*** Opening of Materials provided ***
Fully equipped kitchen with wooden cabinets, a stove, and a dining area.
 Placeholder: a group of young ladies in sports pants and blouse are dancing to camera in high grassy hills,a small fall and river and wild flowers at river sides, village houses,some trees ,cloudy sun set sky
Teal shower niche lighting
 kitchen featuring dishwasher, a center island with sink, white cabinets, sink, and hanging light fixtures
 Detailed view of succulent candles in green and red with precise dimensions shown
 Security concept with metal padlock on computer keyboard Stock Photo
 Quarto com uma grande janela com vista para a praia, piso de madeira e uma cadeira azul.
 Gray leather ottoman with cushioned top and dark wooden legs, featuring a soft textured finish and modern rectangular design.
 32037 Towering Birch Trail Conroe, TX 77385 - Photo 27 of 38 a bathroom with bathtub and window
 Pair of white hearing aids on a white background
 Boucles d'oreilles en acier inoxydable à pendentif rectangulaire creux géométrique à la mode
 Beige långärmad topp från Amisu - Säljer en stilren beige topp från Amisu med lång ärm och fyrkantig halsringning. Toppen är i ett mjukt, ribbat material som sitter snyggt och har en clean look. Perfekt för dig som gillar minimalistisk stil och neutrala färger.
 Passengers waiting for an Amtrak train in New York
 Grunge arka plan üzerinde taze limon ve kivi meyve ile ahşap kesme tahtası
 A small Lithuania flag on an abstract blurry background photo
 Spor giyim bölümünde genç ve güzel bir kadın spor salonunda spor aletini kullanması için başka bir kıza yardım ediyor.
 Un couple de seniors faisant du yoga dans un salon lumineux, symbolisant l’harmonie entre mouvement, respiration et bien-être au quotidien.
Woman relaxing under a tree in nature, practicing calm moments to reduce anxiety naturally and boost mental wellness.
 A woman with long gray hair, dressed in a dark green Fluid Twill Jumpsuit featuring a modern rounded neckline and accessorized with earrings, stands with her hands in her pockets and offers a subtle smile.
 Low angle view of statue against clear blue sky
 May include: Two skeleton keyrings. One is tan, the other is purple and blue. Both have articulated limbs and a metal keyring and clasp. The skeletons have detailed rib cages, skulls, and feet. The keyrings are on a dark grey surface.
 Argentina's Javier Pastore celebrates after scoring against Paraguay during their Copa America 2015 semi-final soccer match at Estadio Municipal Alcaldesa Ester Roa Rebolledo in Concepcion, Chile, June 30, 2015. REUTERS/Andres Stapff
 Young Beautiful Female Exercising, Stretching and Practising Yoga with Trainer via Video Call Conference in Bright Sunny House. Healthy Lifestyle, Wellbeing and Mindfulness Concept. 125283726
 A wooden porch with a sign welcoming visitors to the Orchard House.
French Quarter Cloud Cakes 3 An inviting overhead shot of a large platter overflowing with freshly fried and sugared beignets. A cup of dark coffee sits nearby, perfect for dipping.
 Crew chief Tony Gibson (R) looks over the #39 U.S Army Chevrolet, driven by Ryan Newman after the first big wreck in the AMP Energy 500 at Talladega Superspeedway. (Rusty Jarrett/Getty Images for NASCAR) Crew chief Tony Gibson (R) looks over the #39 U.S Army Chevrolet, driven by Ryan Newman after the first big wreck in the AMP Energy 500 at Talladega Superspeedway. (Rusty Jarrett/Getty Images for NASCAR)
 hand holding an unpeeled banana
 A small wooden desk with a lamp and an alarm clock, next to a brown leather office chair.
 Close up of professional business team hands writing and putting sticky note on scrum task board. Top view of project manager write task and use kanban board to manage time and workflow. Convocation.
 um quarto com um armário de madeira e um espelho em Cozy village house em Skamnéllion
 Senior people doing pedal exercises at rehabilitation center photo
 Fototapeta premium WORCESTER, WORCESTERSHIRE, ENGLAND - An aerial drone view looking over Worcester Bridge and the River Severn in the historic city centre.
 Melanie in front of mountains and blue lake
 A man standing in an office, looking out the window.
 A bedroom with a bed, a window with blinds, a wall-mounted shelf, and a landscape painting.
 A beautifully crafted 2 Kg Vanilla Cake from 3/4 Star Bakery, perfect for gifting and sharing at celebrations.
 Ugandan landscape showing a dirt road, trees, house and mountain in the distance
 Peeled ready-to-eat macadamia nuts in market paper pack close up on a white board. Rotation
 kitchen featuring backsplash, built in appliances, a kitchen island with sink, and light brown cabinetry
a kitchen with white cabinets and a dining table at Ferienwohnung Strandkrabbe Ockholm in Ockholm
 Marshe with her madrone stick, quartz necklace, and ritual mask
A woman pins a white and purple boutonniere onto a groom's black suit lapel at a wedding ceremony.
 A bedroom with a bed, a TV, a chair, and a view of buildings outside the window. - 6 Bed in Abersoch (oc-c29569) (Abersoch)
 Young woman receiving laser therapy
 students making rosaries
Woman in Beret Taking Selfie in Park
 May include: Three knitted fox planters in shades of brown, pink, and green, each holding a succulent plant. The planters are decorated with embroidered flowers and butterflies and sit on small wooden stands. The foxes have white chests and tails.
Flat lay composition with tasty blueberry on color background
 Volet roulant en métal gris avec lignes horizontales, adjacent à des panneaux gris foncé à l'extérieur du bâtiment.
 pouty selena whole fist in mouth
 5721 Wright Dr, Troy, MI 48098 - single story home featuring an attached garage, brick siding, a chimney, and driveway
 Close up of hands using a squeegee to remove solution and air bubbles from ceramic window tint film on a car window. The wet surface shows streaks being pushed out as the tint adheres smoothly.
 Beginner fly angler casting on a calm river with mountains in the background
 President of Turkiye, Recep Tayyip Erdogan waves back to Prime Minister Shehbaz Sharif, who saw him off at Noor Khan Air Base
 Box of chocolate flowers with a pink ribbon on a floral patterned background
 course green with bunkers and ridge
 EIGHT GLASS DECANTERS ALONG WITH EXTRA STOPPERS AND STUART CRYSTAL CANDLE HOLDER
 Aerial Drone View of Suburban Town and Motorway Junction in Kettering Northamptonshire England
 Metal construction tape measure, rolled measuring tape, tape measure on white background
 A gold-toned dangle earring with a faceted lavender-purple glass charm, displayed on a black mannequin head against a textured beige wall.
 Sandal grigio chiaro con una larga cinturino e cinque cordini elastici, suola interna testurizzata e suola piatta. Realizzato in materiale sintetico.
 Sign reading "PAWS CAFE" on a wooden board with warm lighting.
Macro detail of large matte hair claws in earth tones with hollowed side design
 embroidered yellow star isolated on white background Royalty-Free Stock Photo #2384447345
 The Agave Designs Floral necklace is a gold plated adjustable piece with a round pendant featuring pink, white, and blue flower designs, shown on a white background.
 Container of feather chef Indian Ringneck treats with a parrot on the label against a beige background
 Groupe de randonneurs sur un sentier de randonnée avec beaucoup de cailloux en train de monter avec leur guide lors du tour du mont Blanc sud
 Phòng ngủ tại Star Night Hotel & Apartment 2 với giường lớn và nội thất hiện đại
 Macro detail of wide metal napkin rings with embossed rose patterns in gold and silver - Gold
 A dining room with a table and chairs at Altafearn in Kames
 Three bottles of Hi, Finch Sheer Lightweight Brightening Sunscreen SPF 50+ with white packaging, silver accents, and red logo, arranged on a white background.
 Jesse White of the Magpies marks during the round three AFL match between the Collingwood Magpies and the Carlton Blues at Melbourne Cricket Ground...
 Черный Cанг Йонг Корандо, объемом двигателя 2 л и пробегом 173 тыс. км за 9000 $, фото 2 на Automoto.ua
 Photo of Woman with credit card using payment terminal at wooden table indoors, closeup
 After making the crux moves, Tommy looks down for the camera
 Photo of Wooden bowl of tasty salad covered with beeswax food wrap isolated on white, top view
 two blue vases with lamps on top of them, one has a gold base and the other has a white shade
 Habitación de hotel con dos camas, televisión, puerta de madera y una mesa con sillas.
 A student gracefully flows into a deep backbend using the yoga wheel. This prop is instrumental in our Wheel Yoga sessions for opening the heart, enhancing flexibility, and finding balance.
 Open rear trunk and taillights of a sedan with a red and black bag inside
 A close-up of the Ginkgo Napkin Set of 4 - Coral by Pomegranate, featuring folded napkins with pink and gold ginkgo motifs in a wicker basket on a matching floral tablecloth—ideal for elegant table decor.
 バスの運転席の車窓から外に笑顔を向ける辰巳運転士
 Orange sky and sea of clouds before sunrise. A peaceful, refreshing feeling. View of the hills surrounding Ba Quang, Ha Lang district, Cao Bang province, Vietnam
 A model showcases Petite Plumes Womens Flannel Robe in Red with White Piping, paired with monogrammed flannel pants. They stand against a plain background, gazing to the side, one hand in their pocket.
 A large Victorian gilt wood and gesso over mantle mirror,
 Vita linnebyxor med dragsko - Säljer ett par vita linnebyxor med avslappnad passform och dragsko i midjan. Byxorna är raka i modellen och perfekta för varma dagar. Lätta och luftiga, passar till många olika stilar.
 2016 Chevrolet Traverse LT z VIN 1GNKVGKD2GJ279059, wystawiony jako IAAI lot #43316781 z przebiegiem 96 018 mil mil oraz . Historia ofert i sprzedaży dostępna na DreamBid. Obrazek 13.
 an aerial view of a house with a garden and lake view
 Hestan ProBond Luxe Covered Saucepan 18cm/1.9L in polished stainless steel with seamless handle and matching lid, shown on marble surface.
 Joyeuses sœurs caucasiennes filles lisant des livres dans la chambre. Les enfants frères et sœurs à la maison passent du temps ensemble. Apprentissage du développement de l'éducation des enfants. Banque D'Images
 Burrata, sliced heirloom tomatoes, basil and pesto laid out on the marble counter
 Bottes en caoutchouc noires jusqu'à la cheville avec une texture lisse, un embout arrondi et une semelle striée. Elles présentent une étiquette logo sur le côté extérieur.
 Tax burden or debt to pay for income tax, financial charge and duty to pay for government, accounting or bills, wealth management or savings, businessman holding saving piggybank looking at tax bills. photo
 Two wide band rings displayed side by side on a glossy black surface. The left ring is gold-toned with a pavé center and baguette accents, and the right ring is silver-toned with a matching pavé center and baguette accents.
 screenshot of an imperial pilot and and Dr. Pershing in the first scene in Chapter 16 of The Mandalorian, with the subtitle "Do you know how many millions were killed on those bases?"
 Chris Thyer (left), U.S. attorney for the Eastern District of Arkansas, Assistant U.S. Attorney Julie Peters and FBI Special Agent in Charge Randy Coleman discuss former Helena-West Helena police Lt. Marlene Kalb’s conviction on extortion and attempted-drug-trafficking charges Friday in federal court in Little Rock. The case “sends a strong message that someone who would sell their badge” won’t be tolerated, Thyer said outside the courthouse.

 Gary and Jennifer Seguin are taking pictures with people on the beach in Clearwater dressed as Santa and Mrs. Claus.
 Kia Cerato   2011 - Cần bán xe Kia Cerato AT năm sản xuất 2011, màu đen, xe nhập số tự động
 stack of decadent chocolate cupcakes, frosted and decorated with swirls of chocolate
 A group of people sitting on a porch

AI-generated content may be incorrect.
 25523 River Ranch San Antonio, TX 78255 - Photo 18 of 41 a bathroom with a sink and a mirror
*** Close of Materials provided ***
Task brief
When you reach the line in the material above that holds "Peeled ready-to-eat macadamia", begin reproducing lines exactly, and stop after the line that holds "Aerial Drone View of".

Reply
 Peeled ready-to-eat macadamia nuts in market paper pack close up on a white board. Rotation
 kitchen featuring backsplash, built in appliances, a kitchen island with sink, and light brown cabinetry
a kitchen with white cabinets and a dining table at Ferienwohnung Strandkrabbe Ockholm in Ockholm
 Marshe with her madrone stick, quartz necklace, and ritual mask
A woman pins a white and purple boutonniere onto a groom's black suit lapel at a wedding ceremony.
 A bedroom with a bed, a TV, a chair, and a view of buildings outside the window. - 6 Bed in Abersoch (oc-c29569) (Abersoch)
 Young woman receiving laser therapy
 students making rosaries
Woman in Beret Taking Selfie in Park
 May include: Three knitted fox planters in shades of brown, pink, and green, each holding a succulent plant. The planters are decorated with embroidered flowers and butterflies and sit on small wooden stands. The foxes have white chests and tails.
Flat lay composition with tasty blueberry on color background
 Volet roulant en métal gris avec lignes horizontales, adjacent à des panneaux gris foncé à l'extérieur du bâtiment.
 pouty selena whole fist in mouth
 5721 Wright Dr, Troy, MI 48098 - single story home featuring an attached garage, brick siding, a chimney, and driveway
 Close up of hands using a squeegee to remove solution and air bubbles from ceramic window tint film on a car window. The wet surface shows streaks being pushed out as the tint adheres smoothly.
 Beginner fly angler casting on a calm river with mountains in the background
 President of Turkiye, Recep Tayyip Erdogan waves back to Prime Minister Shehbaz Sharif, who saw him off at Noor Khan Air Base
 Box of chocolate flowers with a pink ribbon on a floral patterned background
 course green with bunkers and ridge
 EIGHT GLASS DECANTERS ALONG WITH EXTRA STOPPERS AND STUART CRYSTAL CANDLE HOLDER
 Aerial Drone View of Suburban Town and Motorway Junction in Kettering Northamptonshire England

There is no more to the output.